Stored data
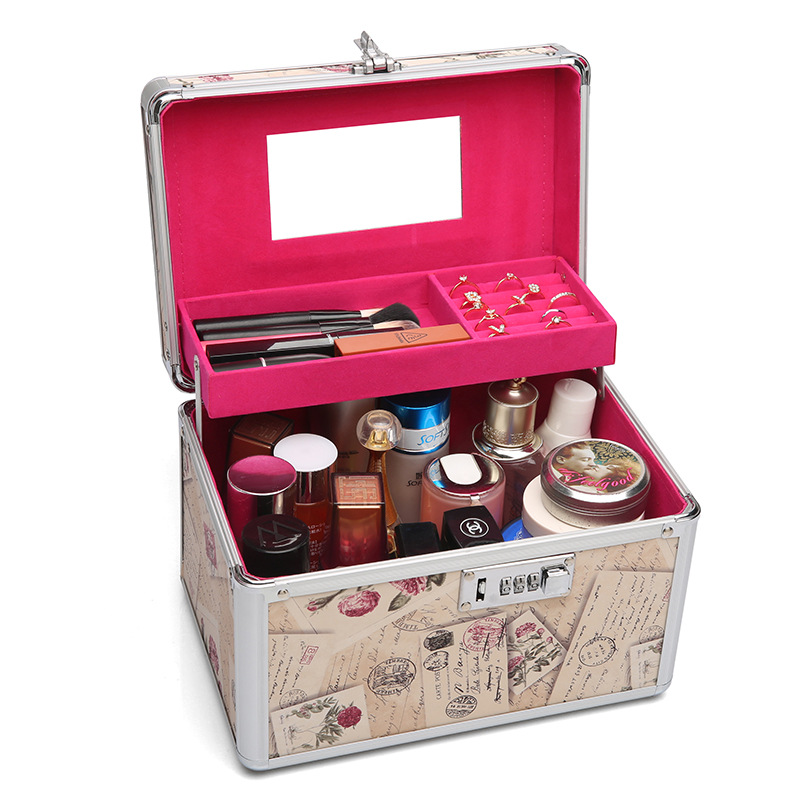 Cosmetic Case Portable Aluminum Alloy Password Lock Cosmetic Case Large Double Rounds Mirror Portable Cosmetics Storage Box for Women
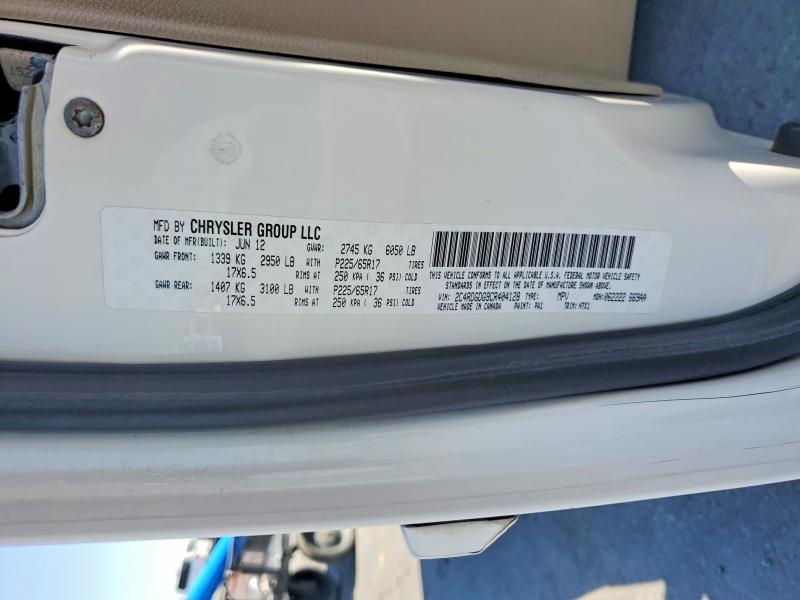 2012 Dodge Grand Caravan მანქანა იყიდება აუქციონზე, vin: 2C4RDGDG9CR404128, აუქციონის ნომერი: 58969006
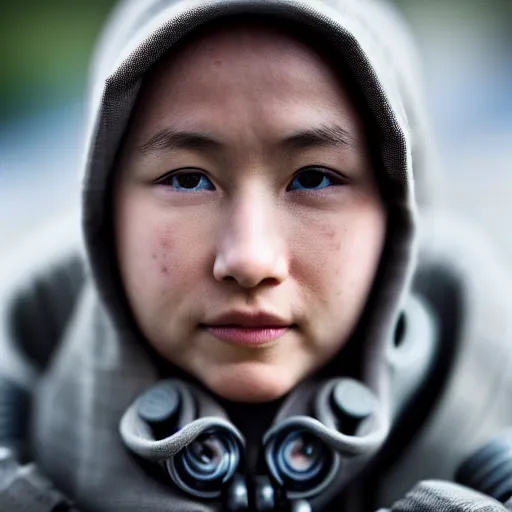 Prompt: photographic portrait of a poor techwear woman, closeup, sigma 85mm f/1.4, 4k, depth of field, high resolution, 4k, 8k, hd, full color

Aim of the exercise
Would you return the material exactly, images excluded?

Solution to this exercise
 Cosmetic Case Portable Aluminum Alloy Password Lock Cosmetic Case Large Double Rounds Mirror Portable Cosmetics Storage Box for Women
 2012 Dodge Grand Caravan მანქანა იყიდება აუქციონზე, vin: 2C4RDGDG9CR404128, აუქციონის ნომერი: 58969006
 Prompt: photographic portrait of a poor techwear woman, closeup, sigma 85mm f/1.4, 4k, depth of field, high resolution, 4k, 8k, hd, full color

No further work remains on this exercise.